Task item - As an exercise, transcribe the data below in full and exactly, omitting pictures.

------ Input data ------

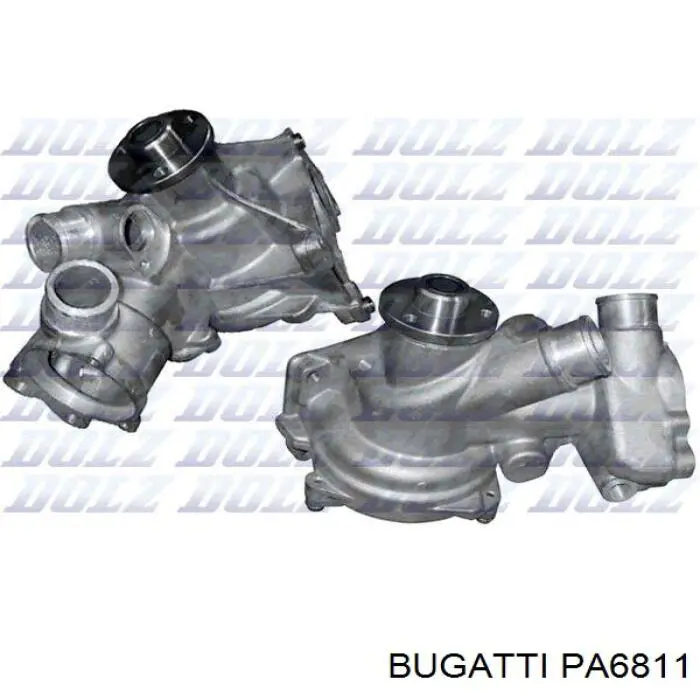 Помпа PA6811 Bugatti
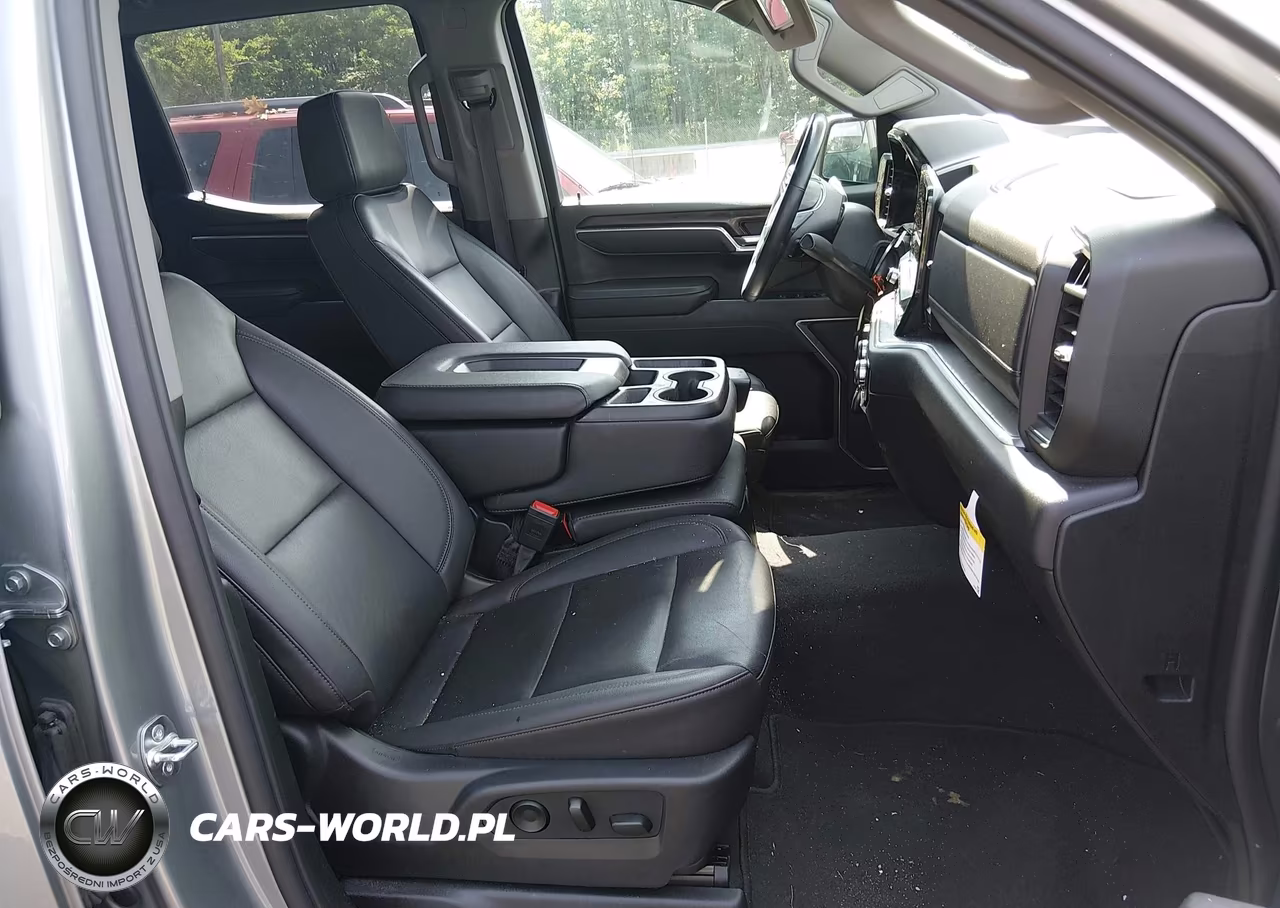 2026 GMC Sierra 1500 , Short Bed, Slt, 4Wd VIN:1GTUUDED5TZ138772 - 5
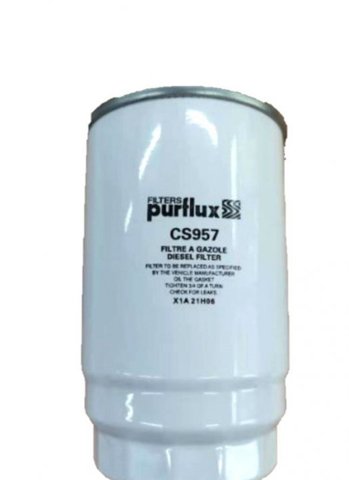 Фільтр тонкого очищення палива Purflux CS957 ціна, від 23.68 USD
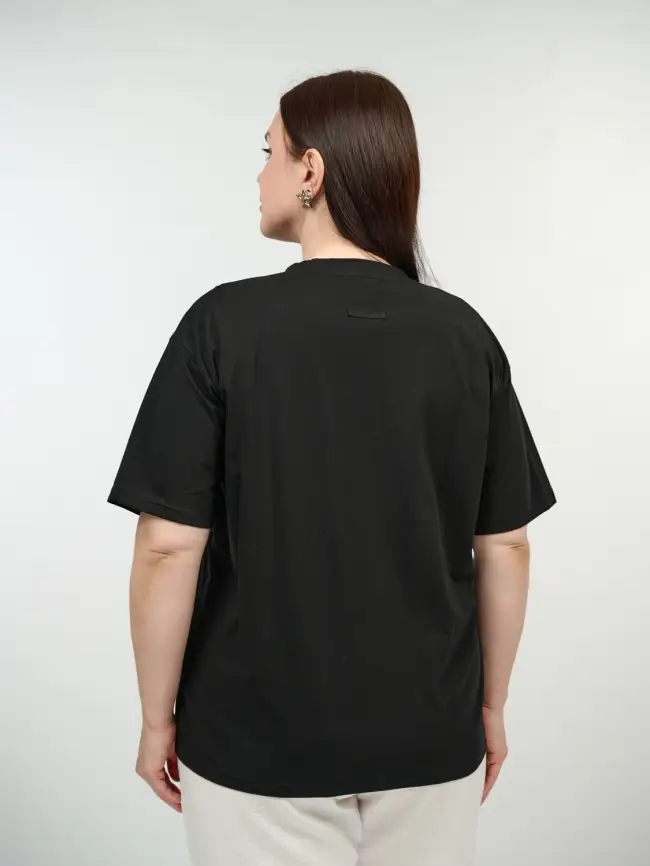 Футболка база 2561 фото 21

------

Exercise result -
 Помпа PA6811 Bugatti
 2026 GMC Sierra 1500 , Short Bed, Slt, 4Wd VIN:1GTUUDED5TZ138772 - 5
 Фільтр тонкого очищення палива Purflux CS957 ціна, від 23.68 USD
 Футболка база 2561 фото 21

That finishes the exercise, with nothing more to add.